A bunch of us are looking into various possible changes in how the information on Fedora good/bad licenses is maintained, reviewed, classified and represented. One aspect of this is the likely effective replacement of such wiki pages as https://fedoraproject.org/wiki/Licensing:Main with a repository (such as https://pagure.io/fedora-legal/license-data). Among other things this has prompted a review of how licenses are currently categorized by Fedora. In particular, Fedora has separate lists of good and bad licenses for content https://fedoraproject.org/wiki/Licensing:Main#Good_Licenses_3 https://fedoraproject.org/wiki/Licensing:Main#Bad_Licenses_3 and for documentation https://fedoraproject.org/wiki/Licensing:Main#Good_Licenses_2 https://fedoraproject.org/wiki/Licensing:Main#Bad_Licenses_2
A question that has arisen is whether we actually need to treat documentation and content as separate categories. "Content" (and documentation, software, fonts, etc.) are not defined in that wiki page as far as I can tell. (FWIW the FPCA defines "Content" in a way that includes documentation: "any copyrightable material that is not Code, such as, without limitation, (i) non-functional data sets, (ii) documentation, (iii) wiki edits, (iv) music files, (v) graphic image files, (vi) help files, and (vii) other kinds of copyrightable material that the Fedora Council has classified as "content" rather than "code".") There is some overlap in the content and documentation license lists and the other lists as well -- for example, CC-BY is given as a good documentation license and a good content license.

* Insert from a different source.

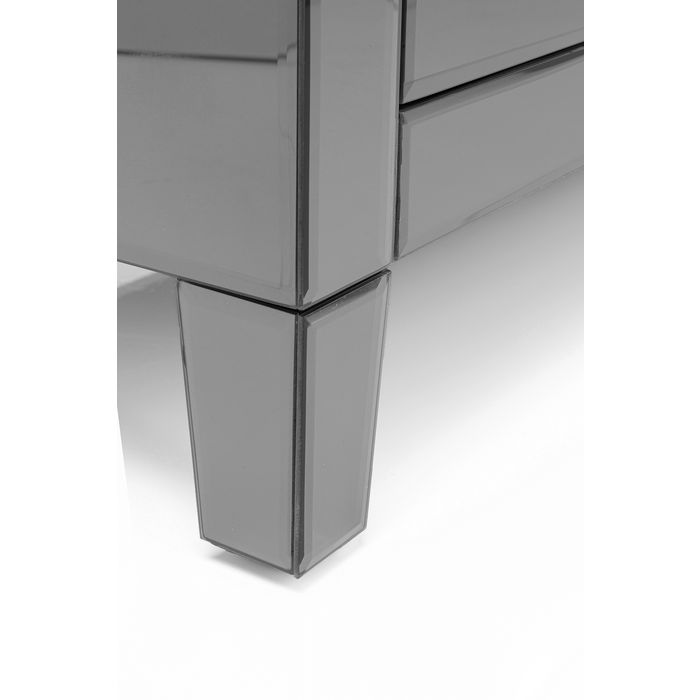 Credenza Up grigia K - immagine 5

I think the answer is "yes", because of this policy: "Note that content must be freely distributable without restriction for inclusion in Fedora, and that a written statement from the content owner granting this is considered an approved license for Fedora. The one exception is that we permit content (but only content) which restricts modification as long as that is the only restriction." And indeed the content license lists includes a few non-libre licenses including at least one well known one that does not permit derivative works -- CC BY-ND.
I'm assuming that Fedora would not allow documentation under a non-libre license, if only because there isn't a similar caveat in the documentation license section and all the good documentation licenses appear to be assumed to be libre. I think there may be some arguable counterexamples that might be explained away as covering things that are non-documentation content as opposed to documentation. I also am pretty sure that Fedora has not attempted to officially list all the approved non-libre licenses for "content" but I'm not sure if this is something intentional. (The categorical example that comes to mind is the inclusion of certain kinds of files from standards documents, such as schemas and the like.)
Separately, I wonder if Fedora really needs separate categories for software and documentation, if the criteria for approval are basically the same -- essentially, whether the license is libre (by Fedora's own assessment) -- except that documentation licenses are seen as normally unsuitable for software. It is clear (to me at least) that any good Fedora software license should be good for documentation as well, if only because in practice documentation in packages is often covered by the software license -- indeed, this is probably much more common than cases where a special documentation license is used.
Anyway, I was just wondering if anyone had any thoughts or comments on this.
Richard
Dne 06. 12. 21 v 22:50 Richard Fontana napsal(a):
A bunch of us are looking into various possible changes in how the information on Fedora good/bad licenses is maintained, reviewed, classified and represented. One aspect of this is the likely effective replacement of such wiki pages as https://fedoraproject.org/wiki/Licensing:Main with a repository (such as https://pagure.io/fedora-legal/license-data). Among other things this has prompted a review of how licenses are currently categorized by Fedora. In particular, Fedora has separate lists of good and bad licenses for content https://fedoraproject.org/wiki/Licensing:Main#Good_Licenses_3 https://fedoraproject.org/wiki/Licensing:Main#Bad_Licenses_3 and for documentation https://fedoraproject.org/wiki/Licensing:Main#Good_Licenses_2 https://fedoraproject.org/wiki/Licensing:Main#Bad_Licenses_2
A question that has arisen is whether we actually need to treat documentation and content as separate categories. "Content" (and documentation, software, fonts, etc.) are not defined in that wiki
I will cast my opinion.
No. We do not need to separate it. But on the other hand, it helps human identify for which it is primary good for.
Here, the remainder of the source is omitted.